Whenever a user logs in, the “Add User” rule makes a GraphQL mutation to the slash endpoint to add user data to the database. Auth0 provides an easy way to log in via different platforms. We are currently using Google and Github as preferred sign-up methods, these being the hotspot of the developer community.

type User @auth(
  add: {or: [{ rule: """
    query ($USER: String!){
      queryUser(filter: {username: {eq: $USER}}) {
        name
      }
    }
    """
    }
    { rule:  "{$ROLE: { eq: \"ADMIN\" } }"}
  ]}
  delete: { rule:  "{$ROLE: { eq: \"ADMIN\" } }"}
){
    ...
}

Storing Images

Storing an image in a database is not recommended as these large blobs are never operated upon. These blobs are used as it is or replaced; they are never modified. This made us use the AWS-S3 bucket as a place to store the images and keep only the URL in the database (img field of Post type). We set up AWS; creating a S3 bucket, defining a lambda function and exposing it through API gateway. You can find the instruction for the same here.
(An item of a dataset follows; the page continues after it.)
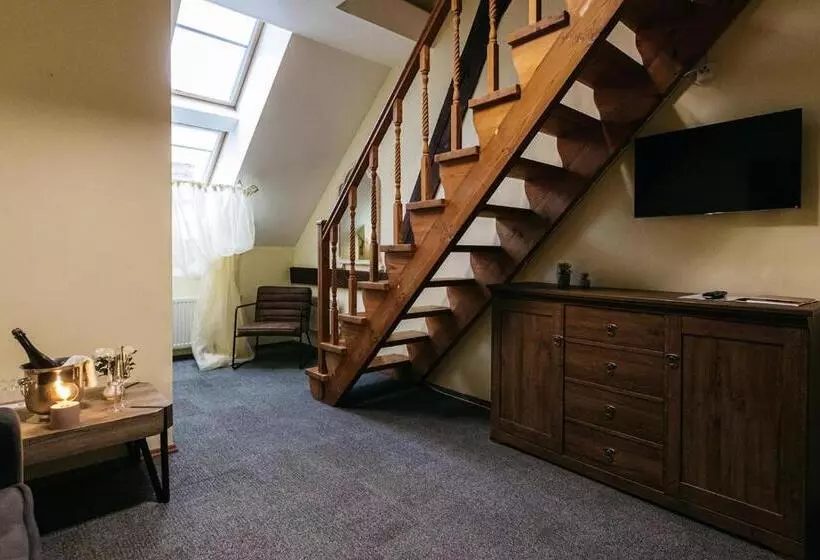 هتل Jaunmoku Palace Complex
All the Auth0 and AWS configuration related snippets are present in the Github repository here and here respectively. Don’t forget to update the credentials in the related file.

Having set up the Auth0 and AWS, we are ready to launch the application locally and post the jokes.

The code is up on Github.

Conclusion

In this blog, we introduced the #DevJoke app, discussed the schema and particularly the authorization rules, and how we leveraged the power of custom resolvers provided by Slash GraphQL. What next? Try deploying DevJoke using One-Click deploy on Slash GraphQL!